Moody’s is reportedly developing a scoring system — though not a credit rating — for stablecoins.

Bloomberg reported Thursday (Jan. 26) that Moody’s will analyze as many as 20 stablecoins, evaluating the attestations on the reserves that back them.

It won’t deliver an official credit rating, as it does for publicly traded crypto companies, according to the report, which cited unnamed sources.

The development of the scoring system is in its early stages, the report said.

Moody’s did not immediately reply to PYMNTS’ request for comment.

Reserve-backed stablecoins are backed one-to-one by a reserve of fiat currency and other highly liquid investments.

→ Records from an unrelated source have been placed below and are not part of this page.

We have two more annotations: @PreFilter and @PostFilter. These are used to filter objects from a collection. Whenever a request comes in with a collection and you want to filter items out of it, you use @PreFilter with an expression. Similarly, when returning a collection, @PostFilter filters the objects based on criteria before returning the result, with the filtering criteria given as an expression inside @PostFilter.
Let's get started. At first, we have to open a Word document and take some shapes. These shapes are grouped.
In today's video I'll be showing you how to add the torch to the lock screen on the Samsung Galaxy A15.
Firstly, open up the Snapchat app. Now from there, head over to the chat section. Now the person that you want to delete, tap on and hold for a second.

While there was not a lot of clarity about the latter, in the United States it’s being defined as short-term Treasuries.

Stablecoins have come under increasing scrutiny by both investors and regulators after some highly publicized events.

For example, in May, investors lost about $48 billion in the failure of TerraUSD, an algorithmic stablecoin — meaning it maintained its dollar peg by means other than a one-to-one backing reserve of fiat currency or Treasuries.

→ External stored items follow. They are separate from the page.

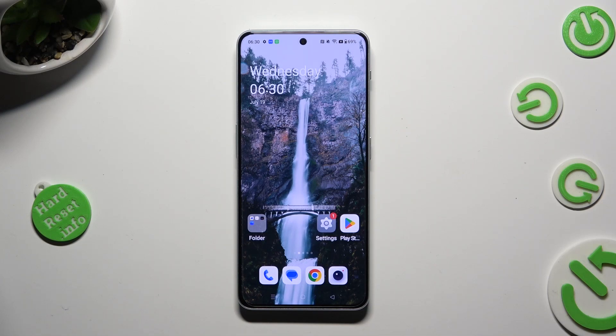Hi, in front of me is OnePlus Nord 3 5G, and today I would like to show you how you can set up an alarm clock.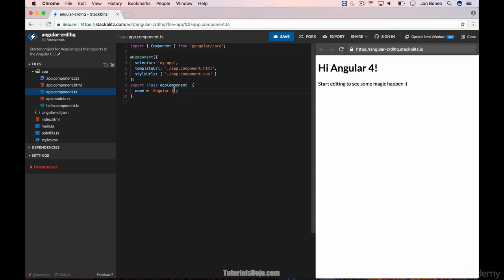Let's change this to world. Just like magic, the preview has changed properly.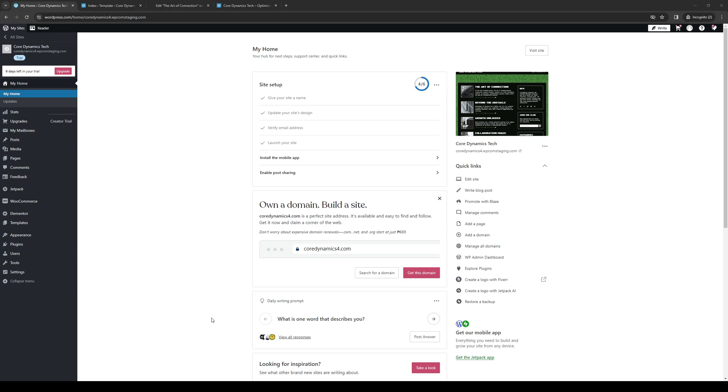Hey everyone, and welcome back to the channel. So in today's video, I'll be teaching you guys how to properly change the line height of your text using the Elementor plugin for your WordPress website. So without further ado, let's dive right into it.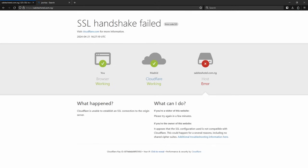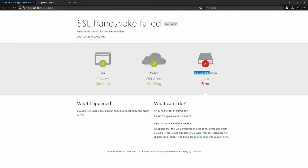By the way, this error is being produced because Cloudflare is not able to communicate with the host. So let's try to troubleshoot that. To fix this, let's first go to Cloudflare and see if we can make some changes there to fix it.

TerraUSD maintained its peg through a complex arbitrage system with the free-floating sister token, Luna, which was managed by self-executing smart contracts.

When TerraUSD, which was supposedly a stablecoin pegged to real monetary value whose intended purpose was to promote stability across crypto, failed, it sent shockwaves reverberating throughout the industry.

In another example, Tether, an asset-backed stablecoin, came under scrutiny after it was reported that it had been increasingly lending its own coins and not selling them instead for equivalent fiat.

That practice adds to the risk that the company may not have enough liquid assets to weather a large redemption event, meaning it could be susceptible to a liquidity crunch that would deliver another solvency shock to the crypto marketplace.

Noting events of the past year, the Office of the Comptroller of the Currency (OCC) said in December report about crypto assets that “stablecoins may be unstable.”

OCC said that the potential for run risk with stablecoins was demonstrated by the collapse of an algorithmic stablecoin in the spring, which also affected asset-backed stablecoins, and that most stablecoins remain vulnerable to run risk.